Hina Battery, socio tecnológico de FAW Jiefang en este proyecto, considera que la evolución de los costes favorecerá una rápida expansión de esta tecnología.

Su director general, Li Shujun, ha señalado anteriormente que los precios de las baterías de sodio podrían igualarse a los de las baterías de litio entre 2027 y 2028.

Según explicó, los costes de producción del sodio continúan reduciéndose mientras que los precios de determinadas materias primas vinculadas al litio muestran una mayor volatilidad.

Los grandes fabricantes de baterías tampoco quieren quedarse atrás. CATL, líder mundial del sector, anunció recientemente planes para invertir 5.000 millones de yuanes, unos 735 millones de dólares, en una nueva instalación destinada a producir hasta 40 GWh de baterías de iones de sodio en la provincia china de Fujian.

La compañía también logró a finales de abril un pedido de 60 GWh para sistemas de almacenamiento energético basados en esta tecnología, una cifra que establece un nuevo récord para el sector. BYD también ha mostrado avances relevantes en este campo.

El fabricante chino ha comunicado el desarrollo de una batería de sodio capaz de alcanzar una vida útil de hasta 10.000 ciclos, mientras que BAIC ha presentado prototipos con densidades energéticas superiores a los 170 Wh/kg, acercándose progresivamente a los niveles que hasta hace poco parecían exclusivos de las baterías de litio más avanzadas.

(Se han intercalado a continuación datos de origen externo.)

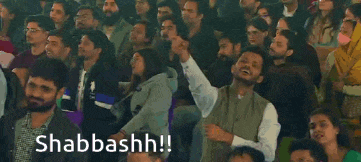 a crowd of people are sitting in a stadium with the words shabbashh written on the bottom .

Para el sector del transporte pesado, estos avances podrían tener importantes implicaciones. La combinación de menores costes potenciales, alta resistencia a las bajas temperaturas, larga vida útil y tiempos de carga reducidos encaja especialmente bien con las necesidades de las flotas comerciales.

Aunque todavía quedan desafíos por resolver antes de una adopción masiva, los resultados obtenidos por FAW Jiefang sugieren que el sodio podría desempeñar un papel relevante en la electrificación de uno de los segmentos más difíciles de descarbonizar.

La compañía ha confirmado que continuará desarrollando tecnologías de nueva energía para ampliar su gama de camiones eléctricos y acelerar la transición hacia un transporte de mercancías con menores emisiones.

Un objetivo en el que las baterías de sodio podrían convertirse en una de las piezas clave durante los próximos años.